Il est temps de dépasser l’opposition initiale entre transport individuel privé et transport en commun public, pour faire des voies rapides du Grand Paris un nouveau réseau de transport collectif métropolitain. Sans supprimer la voiture mais en accueillant à ses côtés des navettes, des bus, des taxis collectifs, en renforçant le covoiturage et l’autopartage, en anticipant une utilisation partagée des véhicules autonomes à venir, en liant étroitement l’organisation de ces pratiques avec le tracé du futur Grand Paris Express, le périphérique redevient un formidable atout pour le développement de la métropole. Plusieurs métropoles européennes ont déjà fait le choix de privilégier les modes alternatifs et de résoudre la congestion avec une voie dédiée comme Madrid ou Istanbul, pour le covoiturage et le bus. Sachant qu’environ 80% des véhicules sur l’autoroute ne transporte qu’une seule personne, ces dispositifs incitatifs représentent une des pistes pour transformer l’usage monofonctionnel de notre réseau autoroutier. Il faut néanmoins que ce système soit connecté avec les autres modes de transport.

La multiplication des solutions de mobilité nécessite de travailler à leur meilleur coordination. Celle-ci passe autant par l’aménagement physique de hubs d’interconnexion entre les gares du Grand Paris Express et les bretelles d’entrée sur les autoroutes, que par des actions ciblées sur le périphérique permettant d’encourager les liaisons avec les mobilités partagées ou les mobilités douces. Enfin, il faut réaliser que la bataille pour une mobilité métropolitaine fluide et efficace ne se gagnera pas uniquement sur le terrain de l’accompagnement des usages et de la transformation de l’infrastructure mais aussi sur celui de la donnée : pour structurer les pratiques il est indispensable d’avoir accès aux données les caractérisant, aujourd’hui pour la plupart possédées par des opérateurs privés. Derrière l’enjeu de l’adaptation de notre réseau se cache aussi une redéfinition des rôles entre acteurs privés et publics dans l’offre de mobilité, et le défi pour la puissance publique de conserver son rôle de coordination générale.
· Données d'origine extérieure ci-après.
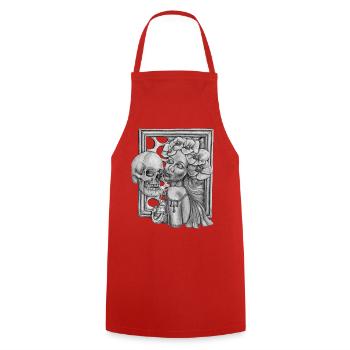 Deep Drink - Kochschürze - Rot - Vorne - AI Model Male 185 dark (185cm)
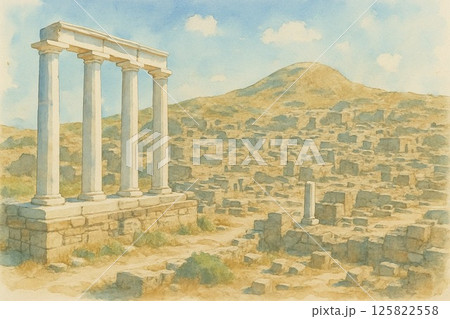 古代遺跡と青空の風景 古代遺跡と青空の風景 125822558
Transformer le périphérique et les autoroutes nécessite d’adopter une démarche souple et agile pour agir de façon ciblée sur l’infrastructure. Avant d’entreprendre des aménagements colossaux, il est possible de faire un meilleur usage des outils existants pour les optimiser d’avantage : réduction des limites de vitesse et modulation en temps réel pour fluidifier le trafic et réduire l’accidentologie, partage de la voirie et mise en place de voies réservées, usage de tarifications différenciées, mise en place d’une réglementation spécifique pour organiser des plages d’horaires d’accès à certains secteurs en fonction des usages..
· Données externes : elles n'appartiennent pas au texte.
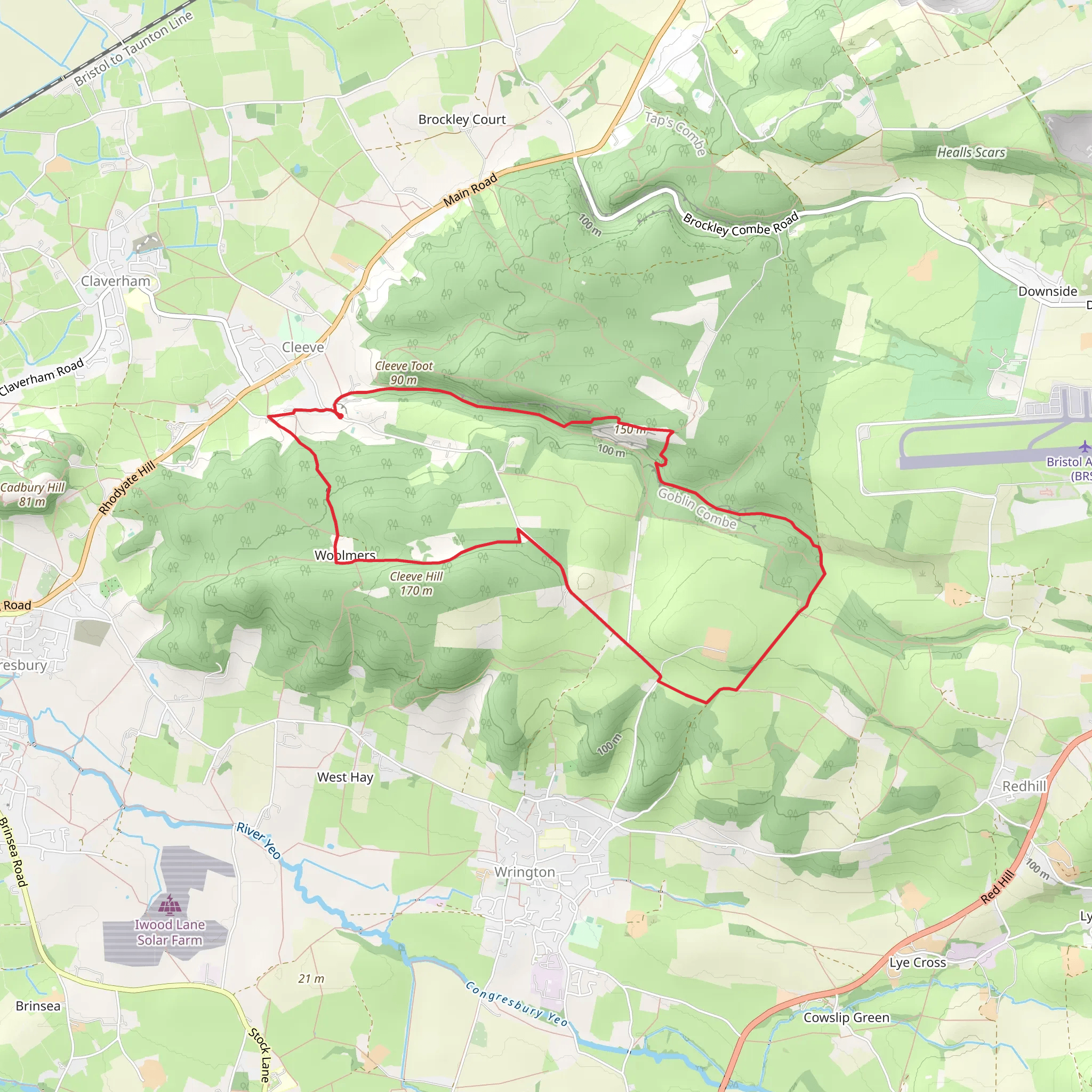 Spying Copse and Cleeve Toot Loop mobile static map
En parallèle, il est nécessaire d’identifier les lieux clés qui doivent être traités par une intervention directe sur l’infrastructure, sous la forme d’un réagencement, de la destruction de certains éléments ou de l’organisation de la couverture ou du franchissement. Ces secteurs d’interventions ciblées peuvent alors devenir l’opportunité de projets urbains de qualité, qui construisent avec l’infrastructure un rapport plus ambitieux. Conserver le périphérique pour le transformer c’est aussi construire une ville moins standardisée, sortir de l’architecture néo-faubourienne pour magnifier les vues, de la Butte de Montmorency à la butte Montmartre, pour retrouver un rapport plus authentique à la géographie métropolitaine. Les nouveaux quartiers aménagés à proximité de l’autoroute A1, du périphérique et de l’A86 qui accueilleront des équipements olympiques, le CAO (centre aquatique olympique) à Saint-Denis sur le site Plaine Saulnier et l’Arena 2 porte de la Chapelle à Paris seront la démonstration de la cohabitation possible donc sereine avec les réseaux.

Enfin l’apparition future de services et d’équipements liés au développement de nouvelles solutions de mobilité (hubs d’interconnexion, stations recharge d’énergie, zones de prise en charge..), sont autant d’opportunités de projets urbains : il faudra s’en saisir pour que les territoires bénéficient de la dynamique de transformation des infrastructures et de notre rapport à elle.